Dallas is currently in the Florida Marlins’ system, playing for their Triple-A affiliate in Albuquerque. The city is one of those high-elevation ballparks I’m always warning you about when you look at PCL stats, so Isotopes’ numbers have to be viewed with a bit of suspicion.
Playing every day at third base, Dallas is showing signs of recovering his career. His AVG/OBP/SLG are .289/.383/.625 with 15 HR. His home/road OPS split is 1.069/.951. His main vulnerability right now is exposure to left-handed pitchers; he’s batting just .194 against southpaws.
Outfielder Nick Gorneault was claimed on waivers last October by the Rangers, only to be given his minor-league free agency in December. Nick signed with the Astros and has been playing for Triple-A Round Rock. Deprived of Salt Lake’s friendly confines, Nick’s AVG/OBP/SLG are only .226/.324/.371. He’s the regular left fielder for the Express.
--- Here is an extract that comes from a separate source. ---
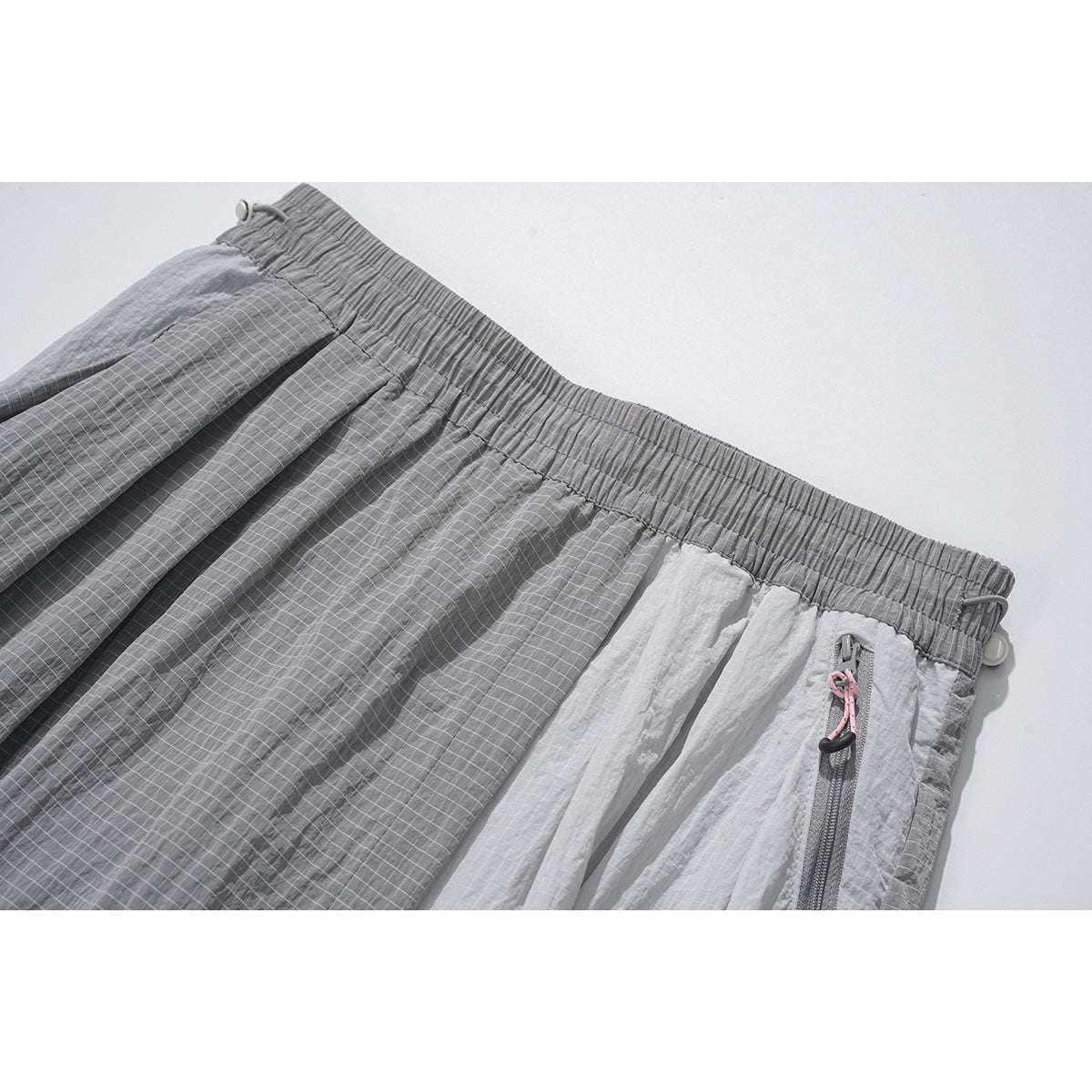 Close-up of gray and white panelled wide-leg bottoms with a fine grid pattern, elastic waistband and zip pocket.
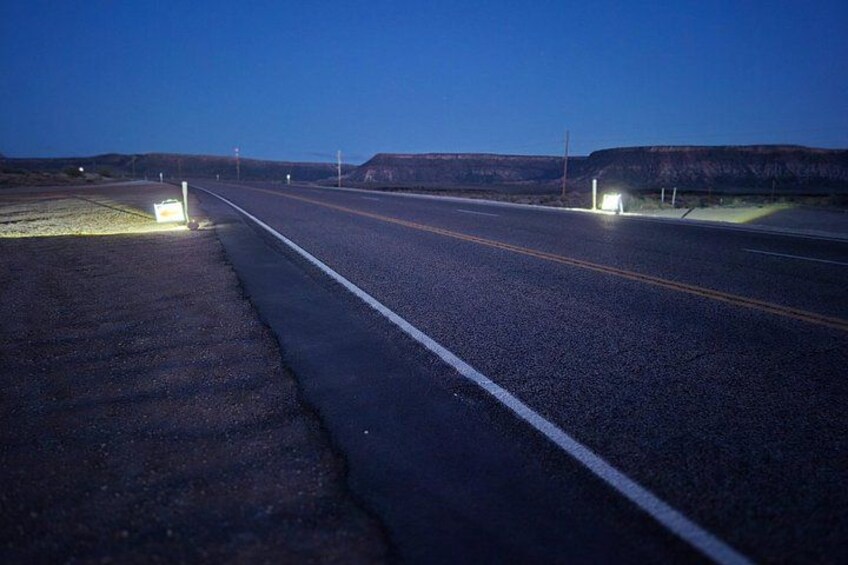 A road at dusk with streetlights and a flat landscape. 4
Tommy Murphy was granted free agency last October and signed with the Washington Nationals, who assigned him this year to Triple-A Columbus. His numbers are .261/.356/.359. Murph has played all three outfield positions and second base, recalling his early days as a shortstop in the Angels system.
Pitcher Steven Shell was a third-round pick in the June 2001 draft. Once projected as a major league starter, he didn’t progress quickly enough to hold onto his status, eventually wound up in the Salt Lake bullpen last year and was given his minor-league free agency. Shell is also assigned with the Nationals and is Murphy’s teammate at Columbus. Steven started the season in the bullpen but has returned to the rotation and made four starts. Overall, he has a 3.29 ERA in 41.0 IP with a 37:12 SO:BB ratio and a 1.22 WHIP. I always felt Steven just required a little patience; not everyone evolves at the same rate.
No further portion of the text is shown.